Brief interlude- I've been looking at some of my writing recently and noticed that I tend to write "anyway" just about every other sentence. I also have a hyphen obsession. And I use semicolons more often that appropriate. And I end sentences with ",though." pretty often, too. I'll try to work on these things.
Hokay. Weihnachten translates to "night of incense" literally, but it just means Christmas. Christmas in Germany is celebrated on the 24th, and a little differently. For one, there are no stockings. I'm pretty sure (but not certain) that that's because the stockings in the US is a perversion of the St. Nicholas day tradition of putting shoes out for Mr. Nick. We already had that here, though, so we don't need stockings.
On the 24th I played with a brass orchester in Travemuende, a suburb of Luebeck. It was right on the coast of the Baltic, so that was very pretty. We just played carols (many of which I had never heard), but it was very nice. The saxophone player in my big band was also there with her family- none of them were playing, but they come every year- and we had hot chocolate in a little cafe beforehand. Her daughters were both very nice, and it was a very good time.

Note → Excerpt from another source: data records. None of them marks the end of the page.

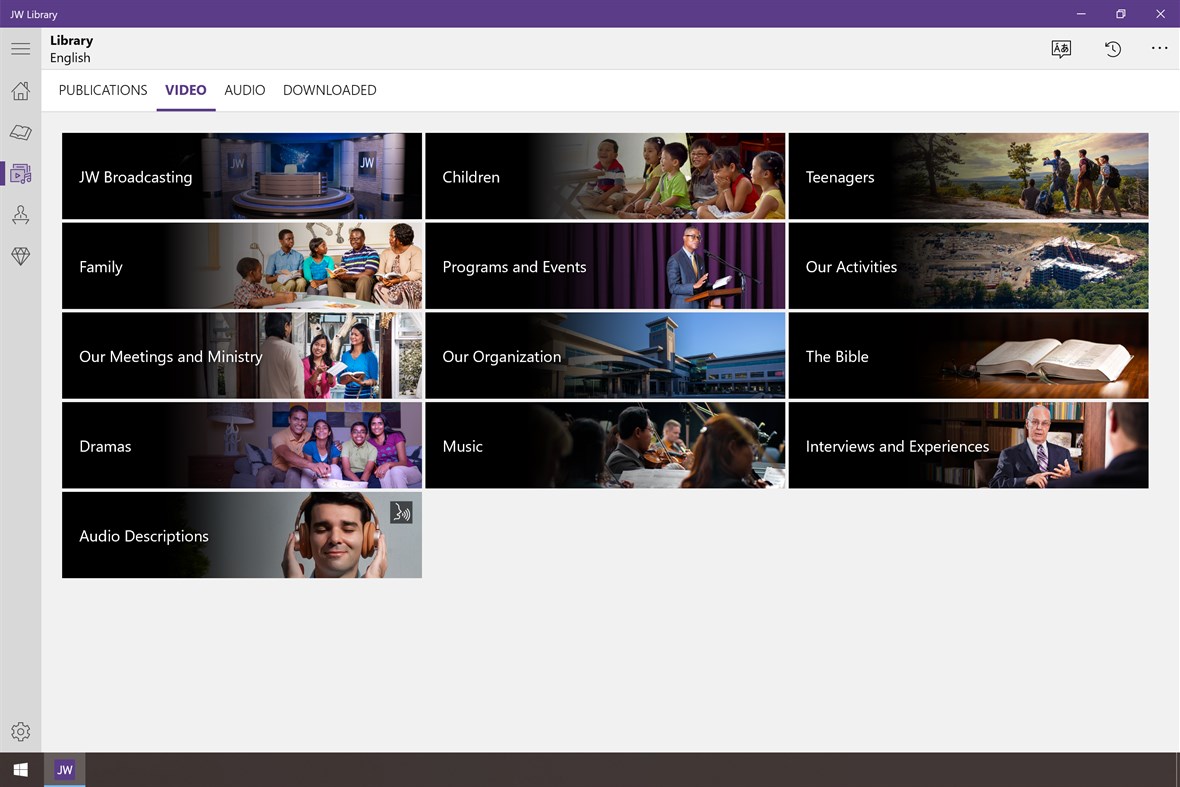 #4. JW Library (Windows) Por: Watchtower Bible and Tract Society of New York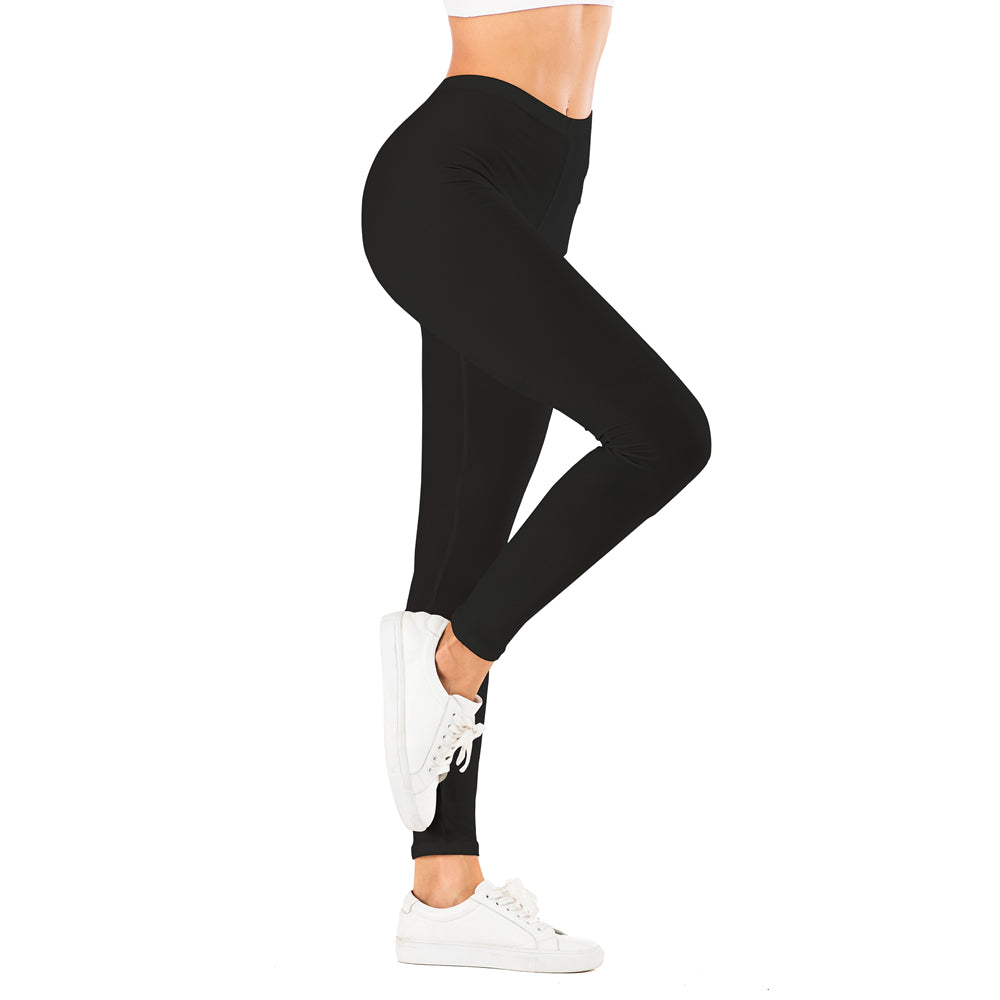 Brand Sexy Women Black Legging Fitness Leggins Fashion Slim Legins High Waist Leggings Woman Pants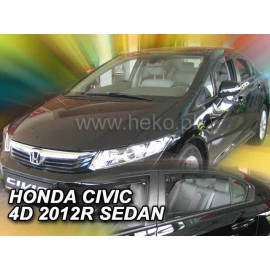 Honda Civic IX (2012-2015) Sedan ανεμοθραύστες Heko - 2τμχ. εμπρός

It's kind of a funny story how I ended up performing- a few days beforehand I had been Christmas shopping in Luebeck not so far from the Musikschule where my bigband practices. I really needed to use the bathroom, so I went there. A guy was there who had led one of our rehearsals when our normal director is sick, and he recognized me, and asked if I was interested in playing. I said yes, and that was that. Later, after playing, he informed me that I had earned 40 euro ($60) for performing, which was also pretty cool. Unfortunately, I don't have any good photos of the event. Here's one, but it doesn't show much:
After Travemuende, I met up the Baakes in their church, where there was more carol singing. Anke's mother was also there; she spent Weihnachten and the next few days with us.
The Baake family tradition is to make animal fodder, and then go into the woods and sing songs around a candle hanging on a pine tree. After singing, we spread the animal fodder around the tree and walk back to the house. In front of the house was a big sack filled with presents... the Weihnachtsman was there!
The Baakes have a real Christmas tree with real candles (Hannes made them!), and it's very very pretty. Anyway, we pulled the sack inside and each took turns opening a present in front of the tree. I got some nice work gloves, a groovy pirate hat, a German cookbook, a few grammar books, and ten pairs of socks. I desperately needed the socks! Later on, Sven (Anke's brother) gave me a book of German carols, with sheet music for all of them. It's a pretty cool book.
The Weihnachtman's sack
The rest of the day was more relaxing, singing, and talking. Mia played with her new Speigelreflex Canon Camera, Hannes played with a remote control helicopter, Alex also played with Hannes' helicopter, and everything was good. A wunderschoen day.